Think Pruning – Garden Catalogs – Investigating
How hot or cold is it where you live? Can you see your frozen breath or do you just need a warmer jacket? As you adapt to the weather, so do your garden and fruit trees. Wintertime means winter pruning, availability of new seed catalogs, and researching garden plants.
Those with winter gardens – keep it going! As you stroll through your garden, check for growth, compost needs, and runoff water. If you’re getting lots of rain or snowmelts, think about soil containment.
The goal is to keep your soil from eroding. One way is through a cover crop that gets planted at the end of a growing season, when you will not grow in the next season. Layering your garden with heavy breathable material, such as burlap, also helps keep the soil intact.
If you’re under a sheet of snow, your plants have a natural warm blanket. The snow adds insulation to your garden, worms, and soil. This insulation allows for root vegetables to continue growing. As well as allowing your winter garlic to mature underground before the leaves shoot through the ground come June.
Look at your fruit trees. What do you see? Leafless, dead branches or vibrant root systems?
Deciduous fruit trees, trees that lose their leaves in the winter, become dormant during cold months. During dormancy, the tree stores its food in the root system for spring growth.
Trimming doesn’t harm the tree because nutrients are not stored in the branches. Pruning helps trees grow by removing unhealthy limbs, which frees up precious nutrients that can go to the root system instead of to a dying limb.
In spring, nutrients flow from the root system to the top of the tree, aiding in healthy branches, new growth, leaves, and fruit.
An added benefit of winter pruning is the ability to see the entire tree without the leaves distracting you.
If you’re following biodynamical gardening, check your biodynamical calender for optimal pruning days.
New Seed Catalogs Become Available
Seed and garden companies put out new catalogs between December and March each year in the Northern Hemisphere. You can browse the internet for like-minded companies, then request a print catalog or search and buy online.
Most companies ship their catalog free in the United States. Print and on-line catalogs contain detailed pictures and information for each plant. Many companies offer free newsletters with garden information and added bargains throughout the year.
Looking For a Garden Bargain?
Wintertime equals bargains from many garden companies. Companies need to clear out extra supplies from the previous year. Plus, they often offer “early bird” discounts for orders placed before a specific date. Don’t worry, if you’re ordering plants or seedlings, you won’t receive them until it’s planting time in your area.

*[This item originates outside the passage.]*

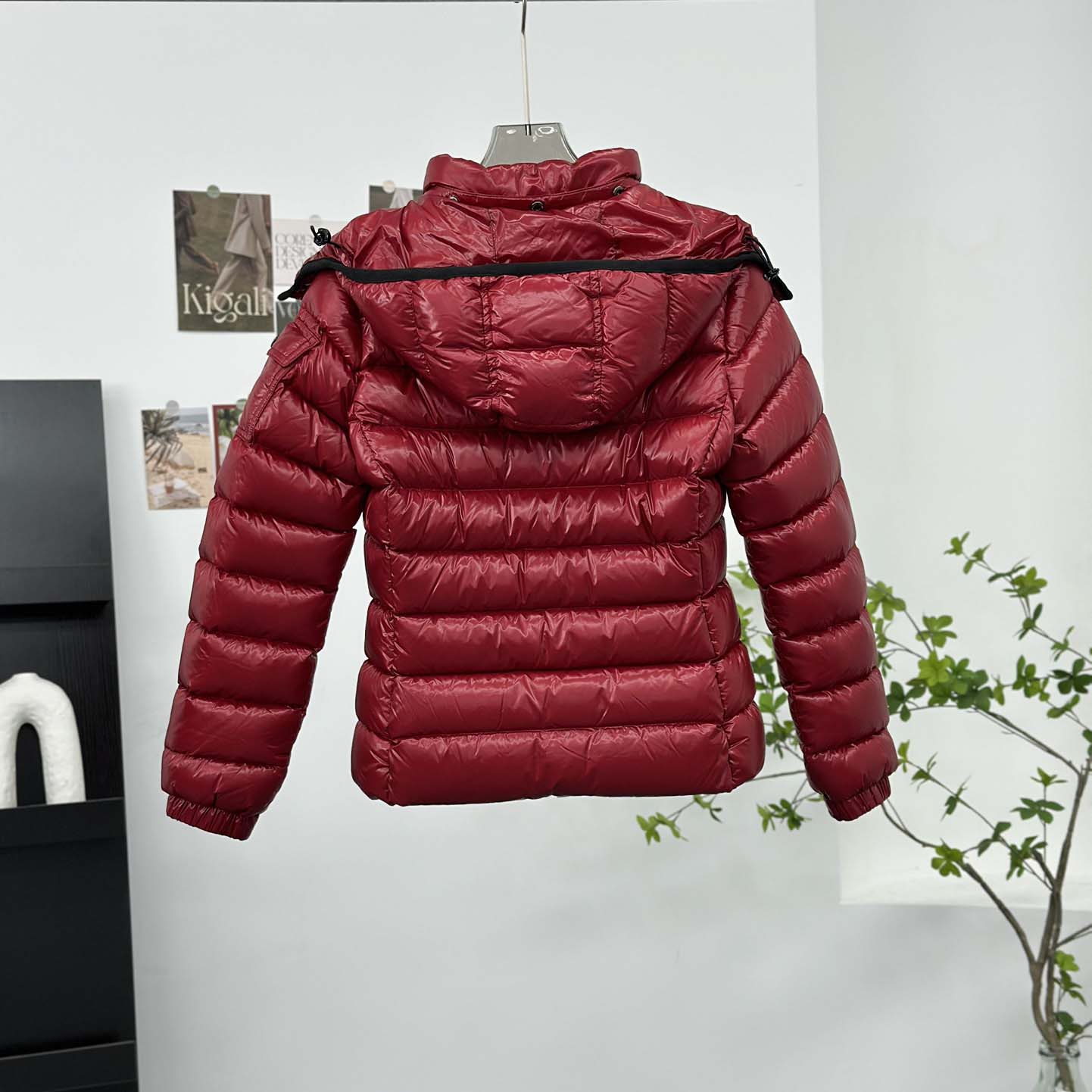 Moncler Bady Hooded Down Jacket - EUR FASHION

Investigate New Growing Crops.
Is there a specific food you love, but live in the wrong growing region? By investigating how a plant grows may let you create the right environment for success.

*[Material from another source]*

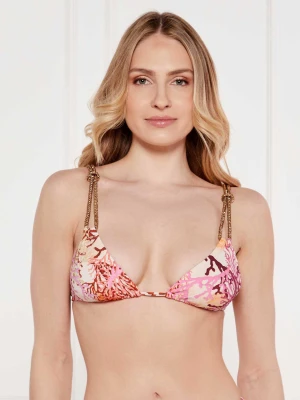 Guess Góra od bikini różowy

One of my favorite foods is Jicama pronounced hee-cama. It’s a root plant in the legume family that thrives in the Southwest. To cultivate Jicama successfully, you need nine or more months of warm weather. Living off the Canadian-American border, I’m lucky to get five months of frost free weather.

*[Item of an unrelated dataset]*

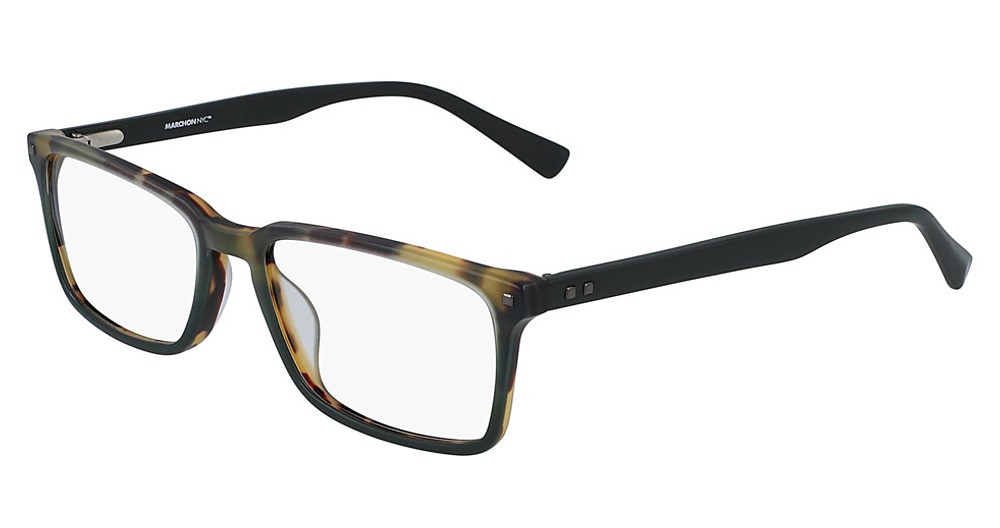 (306) MATTE TORTOISE/ GREEN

My solution, we started growing Jicama in January inside. We grew the plants in black containers near a window for light and a heater vent for warmth. Come June we moving the plants outside, leaving them in their containers until the weather cooled down in October and moved them back inside. We had a small yet successful Jicama harvest in October.
As you pour through catalogs on these cold winter days, be mindful of your garden space, wants, and needs. Start ordering your seeds, plants, and seedlings now while supply is abundant.
As you’re ordering seeds, make mental and written notes on where you will plant your food and what supplies you will need.
Once you put in your seed order, start getting all your supplies into one area. So you’ll be ready to plant, indoors or outdoors.